Saturday, August 4, 2018

Heres how Indias Personal Data Protection Bill 2018 will affect you


After a year of deliberations with think tanks, Justice Srikrishna Committee submitted the much-awaited report on Data Protection and the draft Personal Data Protection Bill 2018 to the Ministry of Electronics and Information Technology (MEITY) last week. 

The aim of the law is to ensure a free and fair digital Indian economy and it is seen as an important pillar in setting up a framework which gives the Indian citizens full freedom to protect their data. The development came at a time when citizens are reeling under a direct threat to their assets and it is believed that the protection of personal data holds the key to empowerment, progress, and innovation. 

The draft follows the implementation of the General Data Protection Regulation (GDPR) in Europe. It is said to have taken cues from the already present legal frameworks in different countries and will surely feature the country on the world map. The draft submitted essentially notes that “the right to privacy is a fundamental right and it is necessary to protect personal data as an essential facet of informational privacy.” The bill says that it is necessary to create a trust between the individuals who provide their data and those who process this. 

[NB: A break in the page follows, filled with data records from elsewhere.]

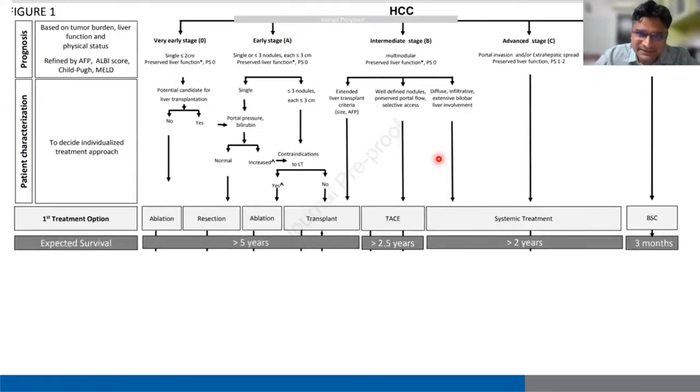This is the latest BCLC staging. The prognosis of the patient depends upon several factors: alpha-fetoprotein — more than 1000 is a poor prognostic factor — ALB score, Child-Pugh score, and MELD. Presence of variceal bleed in a patient with HCC is also a poor prognostic indicator, though they mention that the presence of bleed might not necessarily alter the treatment; treatment is based upon the stage of the disease.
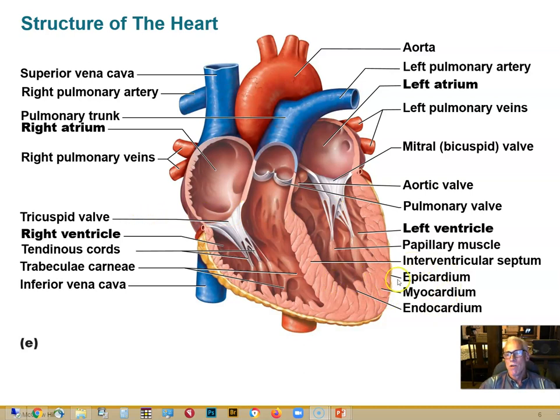The heart wall has three layers. The myocardium is the muscular part of the wall — 'myo' meaning muscle. The epicardium is the outer, slick, lubricated membrane on the surface. The endocardium is the layer of smooth lining cells on the inside surface of the heart — the same type of cells that line blood vessels to keep them slippery so blood flows through without sticking or clotting.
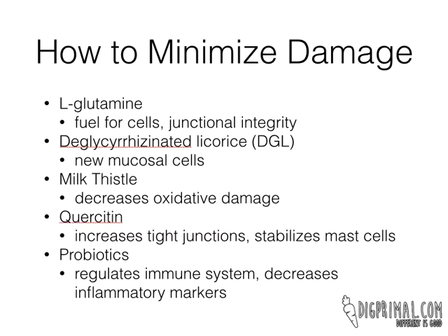You can also take DGL — deglycyrrhizinated licorice. Most people just say DGL. DGL helps with the production of new mucosal cells. So if there is damage or preexisting damage or ongoing damage, it can help stimulate that. It also can help coat the mucosa of the intestinal tract. So if you're decreasing mucus and bicarb secretion, it basically acts as that physical barrier.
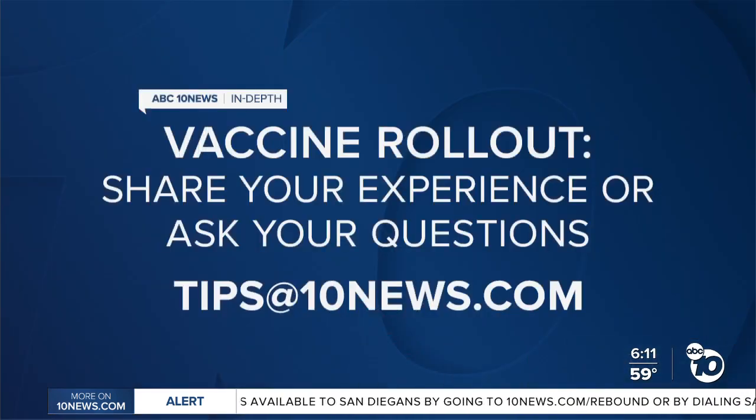Compare that to the UK, which does about 12,000 tests. If you have a question on the vaccine or the virus and you'd like us to answer it as part of the Rollout series, send us an email at tips@10news.com.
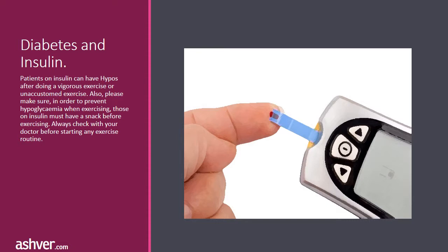Diabetes and insulin: patients on insulin can experience hypoglycemia after doing vigorous or unaccustomed exercise. Please make sure that in order to prevent hyperglycemia when exercising, those on insulin must have a snack before exercising. Always check with your doctor before starting any exercise routine.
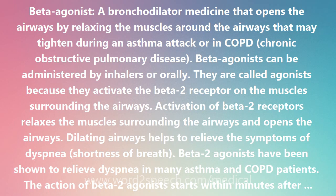Dilating airways helps to relieve the symptoms of dyspnea, shortness of breath. Beta-2 agonists have been shown to relieve dyspnea in many asthma and COPD patients.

The bill asks the stakeholders to be more responsible and “protect the autonomy of individuals in relation with their personal data, to specify where the flow and usage of personal data is appropriate, to create a relationship of trust between persons and entities processing their personal data…” The bill also specifies the rights of individuals whose personal data is processed so that they can keep a check on what data has been used by the data fiduciary. The bill goes on to ask for a framework to implement organisational and technical measures in processing personal data which will essentially bind the data processors to access, analyse as well as use the personal data of an individual. 

The norms for cross-border transfer of personal data will make the data secure not only in India but on foreign land. It also advocates that if the entities processing the personal data flouts any norms, they should be held accountable. During the process, the bill mandates the provision of remedies for unauthorised and harmful processing. On the right to be forgotten, however, the bill says that the individual, who is providing his or her data, has a “right to restrict or prevent continuing disclosure.” The bill notes that “the data fiduciary (the entities that are processing data) may charge a reasonable fee to be paid for complying with requests. According to the bill, the law will have jurisdiction over the processing of personal data if such data has been used, shared, disclosed, collected or otherwise processed in India. 

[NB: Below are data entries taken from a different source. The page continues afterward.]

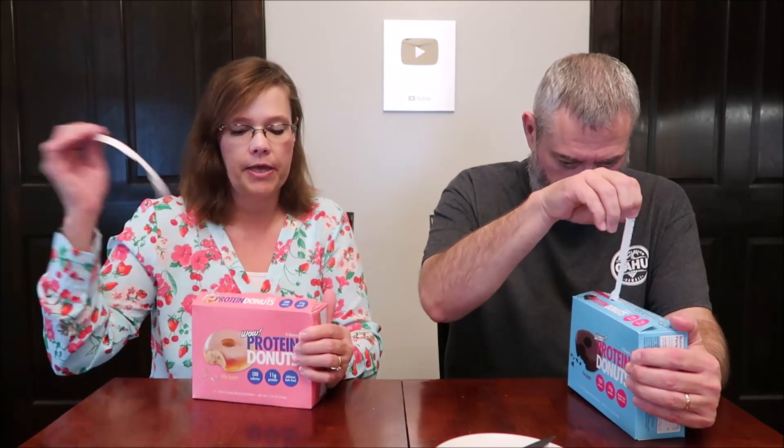Today, Kevin and I are going to be trying the Wow Protein Donuts. I have the cake batter donuts and I have the chocolate donuts. These were $7.98 a box at Walmart, and for $7.98 you're getting four donuts. We're going to see how big they are.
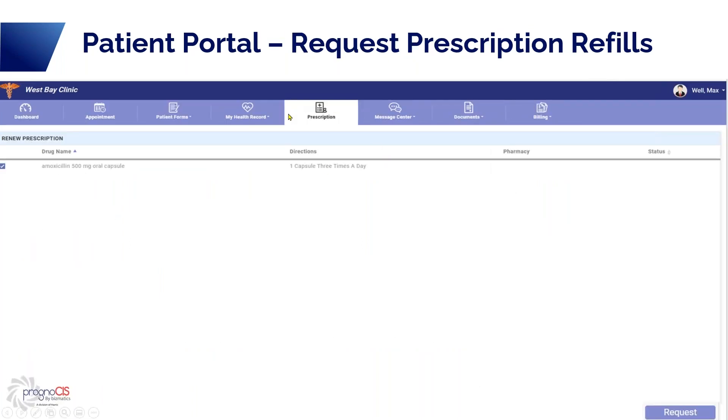Patients also have the ability to request refills. Under the prescription tab, any medications they're currently taking are listed, along with directions, pharmacy, and status. They can select the medication by checking the box and hitting the request button to request a refill. This refill request goes to your patient portal support person, and the provider can either choose to refill the request or deny it — perhaps denying it and refilling something else, or wanting to see the patient first.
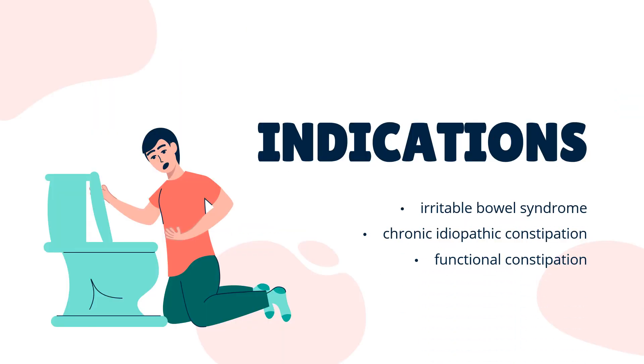Linacletide is indicated for the treatment of irritable bowel syndrome with constipation in adults. This indication is approved in the US, Canada, and Europe. In the US and Canada, it is also indicated for the treatment of chronic idiopathic constipation in adults. In the US, it is also indicated for the treatment of functional constipation in pediatric patients 6 to 17 years of age.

However, in respect to processing by fiduciaries that are not present in India, the law shall apply to those carrying on business in India or other activities such as profiling which could cause privacy harms to data principals in India. Additionally, personal data collected, used, shared, disclosed or otherwise processed by companies incorporated under Indian law will be covered, irrespective of where it is actually processed in India. However, the data protection law may empower the Central Government to exempt such companies which only process the personal data of foreign nationals not present in India.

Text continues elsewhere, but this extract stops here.